Three Brief Reviews of Books I Read Recently

These books were available to me at no cost through the Libby app, which can be accessed with your library card. They can also be found at your local bookstore (link is to my local bookstore) or through bookshop.org which helps fund independent booksellers across the country.

Wuthering Heights

This title missed me in high school and I grieve that it did not find me in college when I might have had the pleasure of dissecting its wild strangeness with others. It was not what I expected. I picked it up because Anne Carson discusses it at length in her collection Blood, Glass, and God and because I wanted to make sure I could get the most out of my hate-watch of the upcoming film adaptation from Emerald Fennel.

This book is not sexy. It is weird and depressing and its narration feels as remote as the landscape in which it is set. It is an exploration of human evil, of human need, and of our capacities for meanness and endurance. A man disentures a grave at least twice and tries to hang a dog. Heathcliff is both a victim and perpetrator of misery. The book asks the question how far will miserable men go to make other people miserable? It’s answer is quite far, unto death even.

I Have Some Questions For You

I decided on listening to this book because Rebecca Makkai is writer I have heard much about, but had not read for myself. She is long listed for this years Joyce Carol Oates Prize. I nearly stopped listening to the book as soon as I started because it is vaguely a crime novel and begins, as so many crime novels do, with a dead teenage girl.

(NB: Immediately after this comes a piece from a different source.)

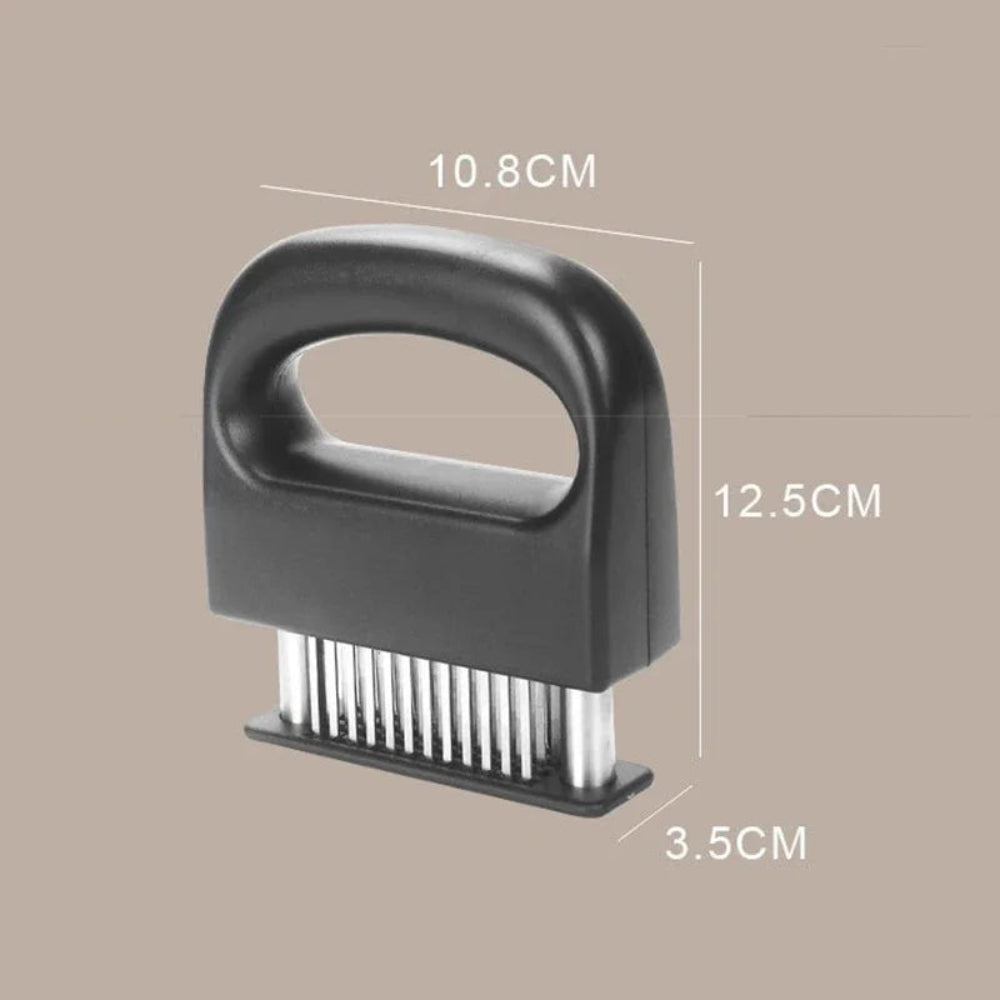 ProTender - Edelstahl-Fleischzerkleinerer mit 48 Nadelklingen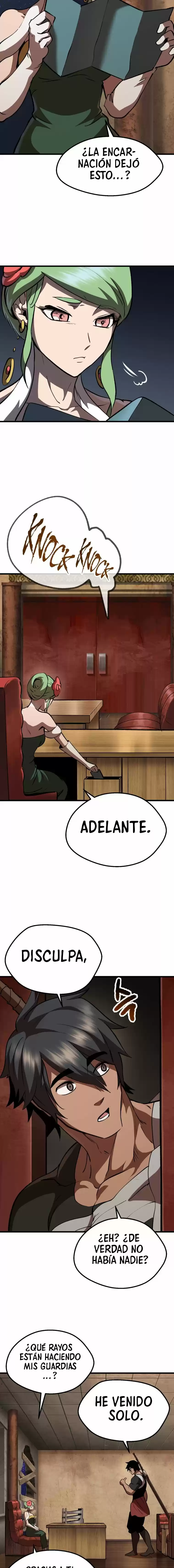 Otherworldly Sword King's Survival Records (2020) - Capítulo 112 - Página 18 - LectorTMOo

I decided to stick it out, willed myself into continuing to at least see how the author handled it. I was satisfied to do so and enjoyed the book. I think it walks an interesting line in exploring the sensation of young girl’s murder and the rippling community effects such tragedies have. It explores issues of class, privilege, and sexuality, giving them room to be complex and unanswerable questions that can’t be fully reconciled.

I Who Have Never Known Men

Don’t read this review! Go read the book and then email me so we can talk about it!

Originally published in French in 1995 by Belgian writer and psychoanalyst Jacquelin Harpman, the 2023 reissue from Transit Books has made quite a stir. The novel is short and strange. It is the story of the only child in a prison-bunker of thirty-nine other women. She narrates the story of her life, taking place after mysterious world events during which the women are abducted from their homes, lives, and families.

The world in I Who Have Never Known Men is strange and alien. Inside the bunker, the women are not allowed to touch, to console each other, or to kill themselves. They are watched perpetually by a group of silent guardsmen.

The book explores what it means to be human, to live and make in a world of bleak indifference, and what it means to love. It is a question of hope in a space beyond understanding. It is a chilling and beautiful read that has not left me.